Economy contiues to spin its wheels
More disappointing economic news: the Dow Jones
tumbles 150 points and now has entrenched itself firmly below the 10,000 mark.
When last December the Dow Jones once again climbed over the 10,000 mark, I
pointed even that there was nothing to justify have the Dow at so high a mark.
It looks like investors have finally figured this out. The economy began slowing
down in June, and the most recent payroll figures show that this trend is
continuing.
Anyone who has kept up with my blogs on the
economy should not be surprised by this development. This confirms what I have
been saying all along. The economy is way over-extended and it cannot possibly
attain a full and complete recovery.
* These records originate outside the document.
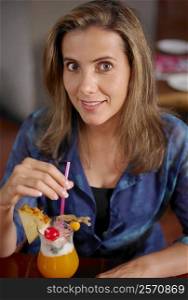 Portrait of a mid adult woman with a glass of pina colada in front of her
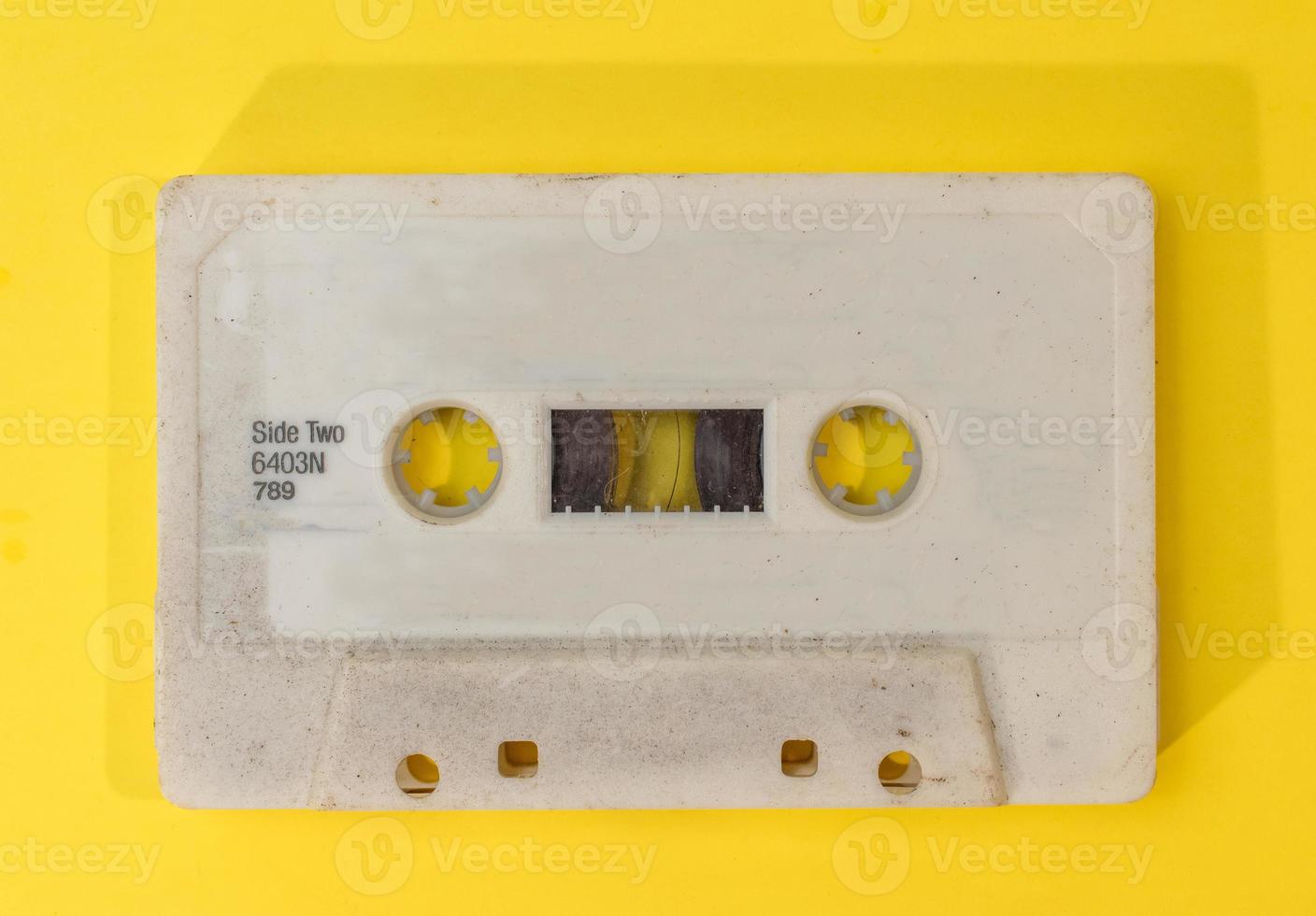 old retro cassette tape with grunge label on yellow background flat lay photo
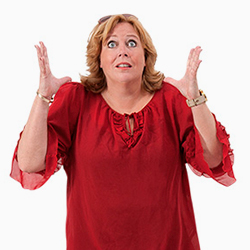 Karen-Marie wearing red blouse with sky-turned eyes and with hands raised in a resigned position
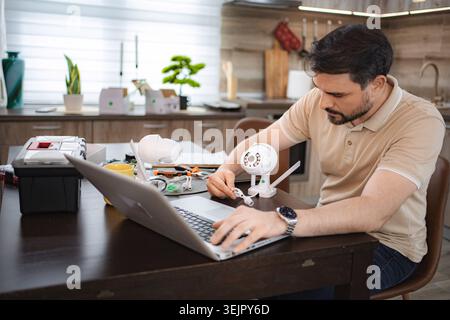 Technician installing surveillance camera using laptop at home Stock Photo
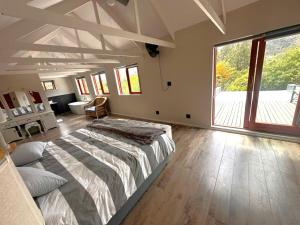 a bedroom with a large bed and a large window at Barrydale Bliss in Barrydale +16 photos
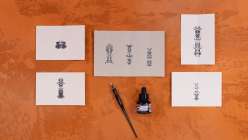 Five small pieces of paper with vertically oriented Rorschach-style illustrations plus a nib pen and acrylic ink.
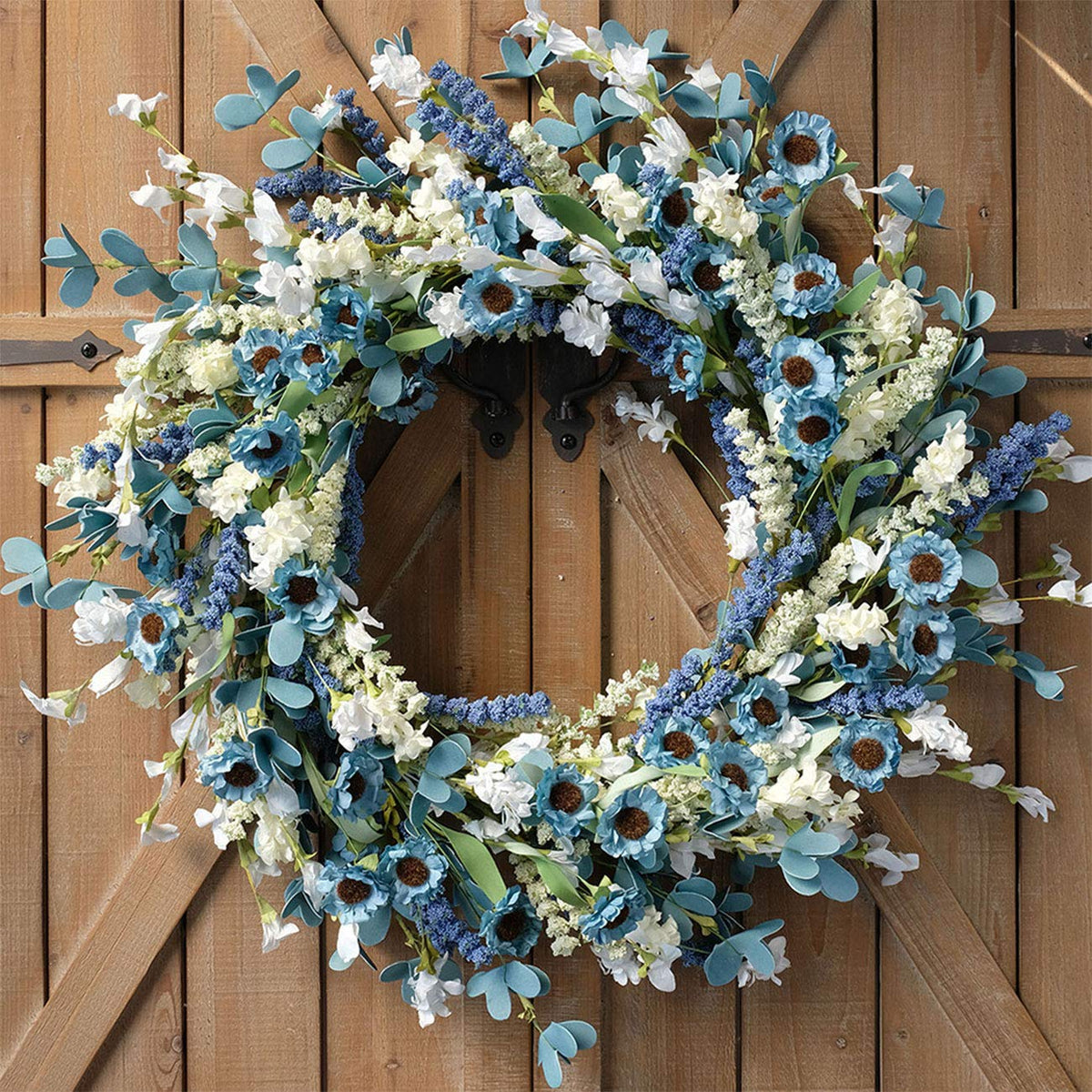 Bibelot spring wreath on front door with blue-green accents.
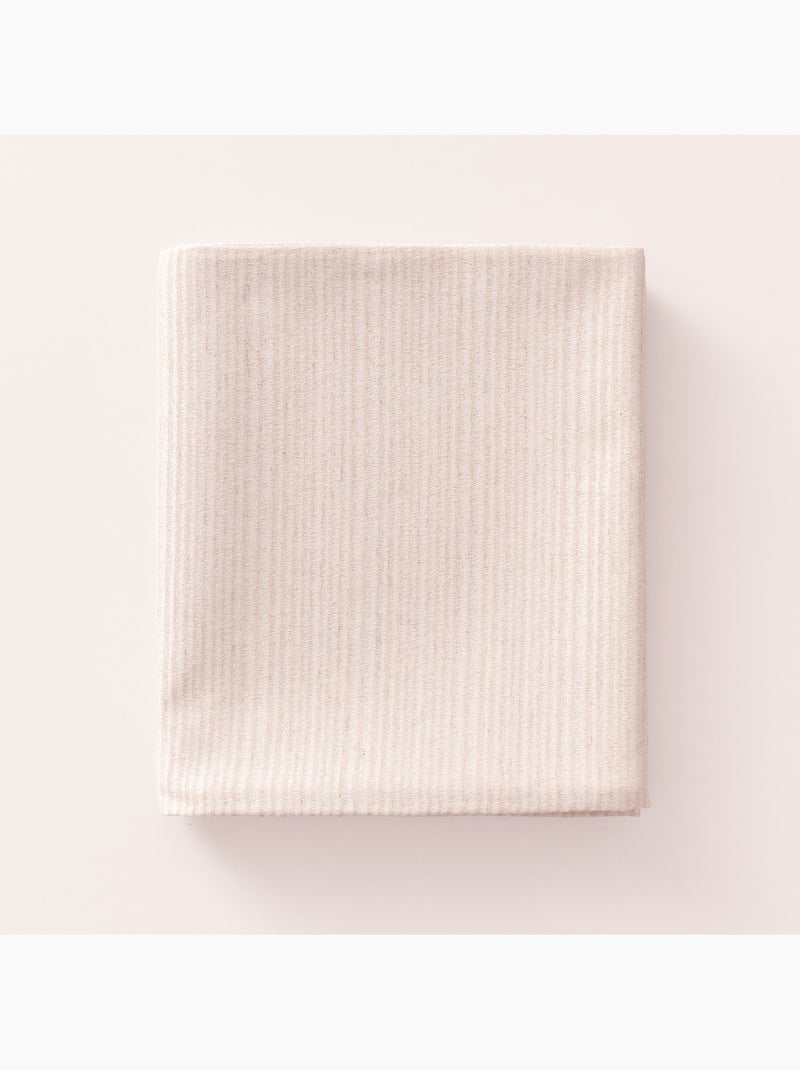 Toalha de mesa antinódoas com tecido texturizado às riscas finas - Gamusi. Bege - Kiabi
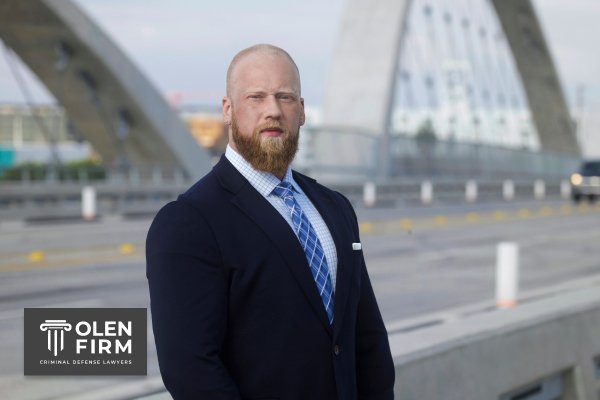 Jared Olen is in a suit, standing outside, wearing a blue tie. The logo in the corner reads "Olen Firm."
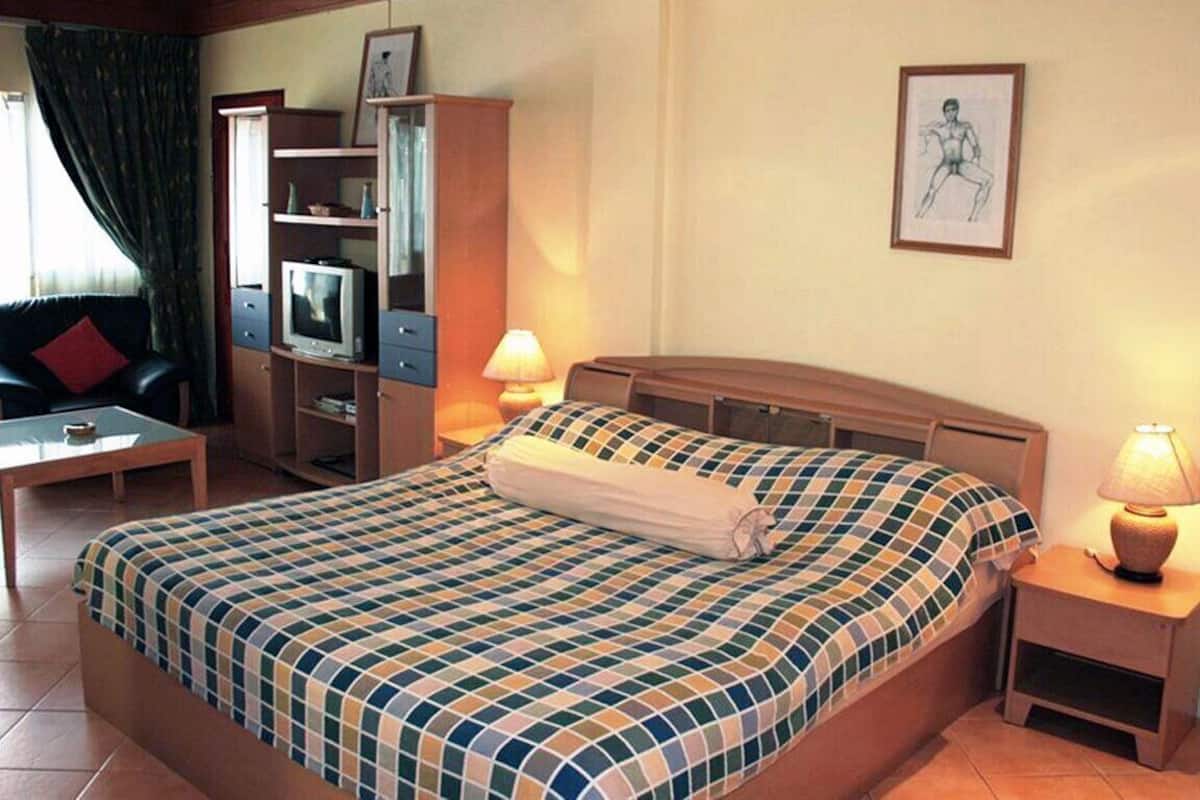 Hotellihuone, jossa on sänky, televisio, työpöytä ja tuoli.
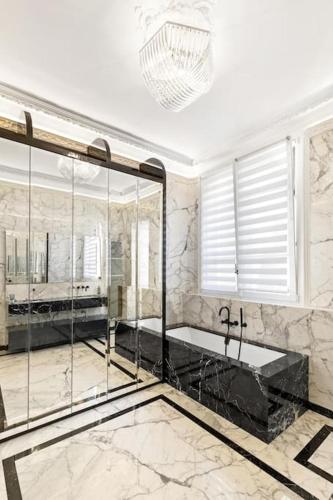 une grande salle de bains avec baignoire et lustre dans l'établissement Spectacular 3BR Luxury Residence - Arc de Triomphe, 264m2, à Paris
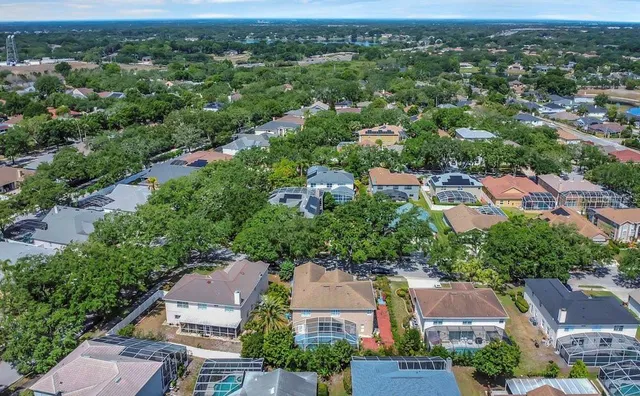 an aerial view of residential houses with city view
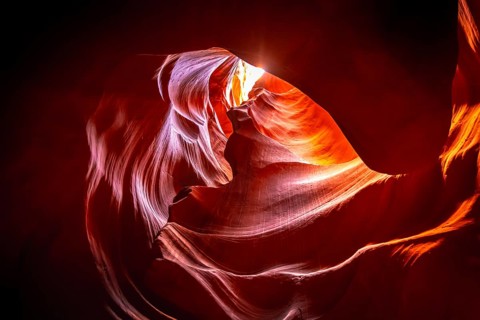 Antelope canyon showing narrow sandstone walls sculpted into distinctive flowing shapes by water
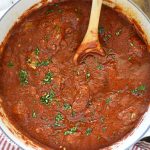 homemade spaghetti sauce in a dutch oven with parsley
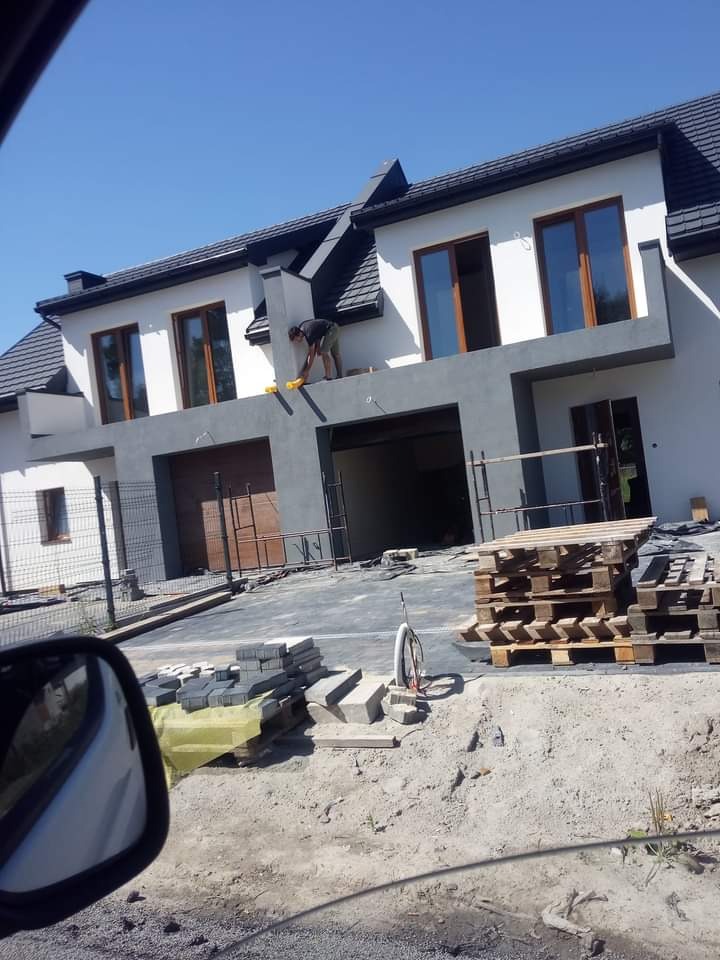 Dwukondygnacyjny dom w trakcie prac wykończeniowych elewacji, widoczny pracownik na balkonie, ułożona kostka brukowa i palety na podjeździe.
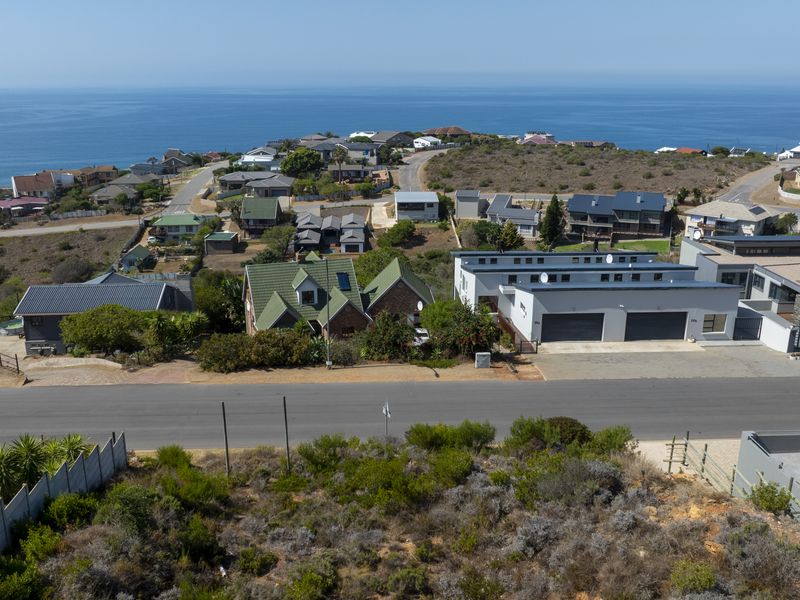 Aerial view of a vacant residential plot situated in a coastal neighborhood, featuring established road access and surrounding residential development.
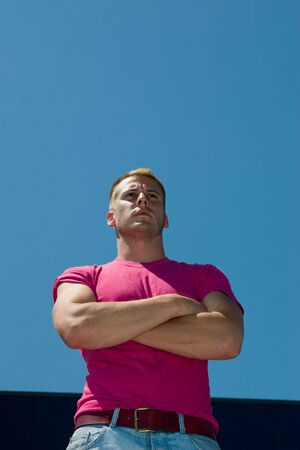 A young caucasian man sitting with a determined look on his faceの写真素材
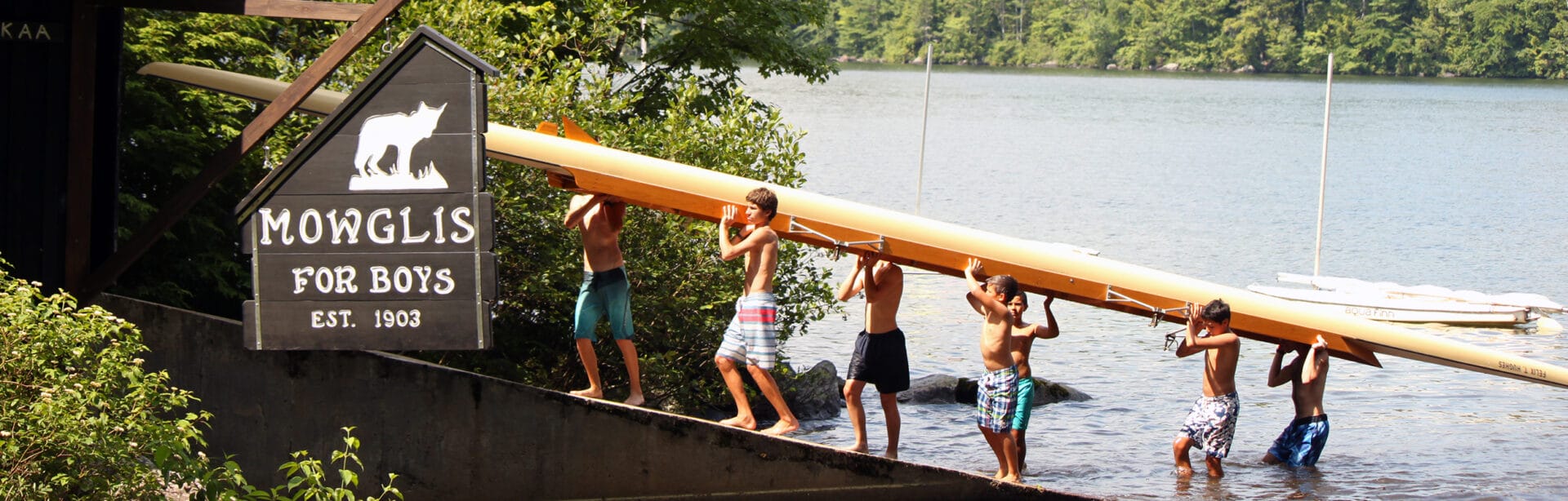 Boys learn teamwork at Camp Mowglis on Newfound Lake, NH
The more likely outcome is either runaway
inflation (the government has been inflating the money supply at a horrendous
clip in recent years), or, through a massive debt crack-up, a major deflation
like we experienced in the
Depression.
When any of this is going
to happen cannot be predicted with any degree of certainty. But what you can be
pretty sure about is that there will never be a full recovery until a gale of
creative destruction has swept through the economy and gotten rid of all the bad
debt and inefficient businesses. A full, complete, healthy recovery is an
impossibility at this time. A leprous, limping, noisome recovery, like the one
we've been experiencing the last few years, is of course possible. Perhaps it's
possible for many months, or even years, to come. But anything more than that
can never happen. The fundamentals are just too rotten for all that.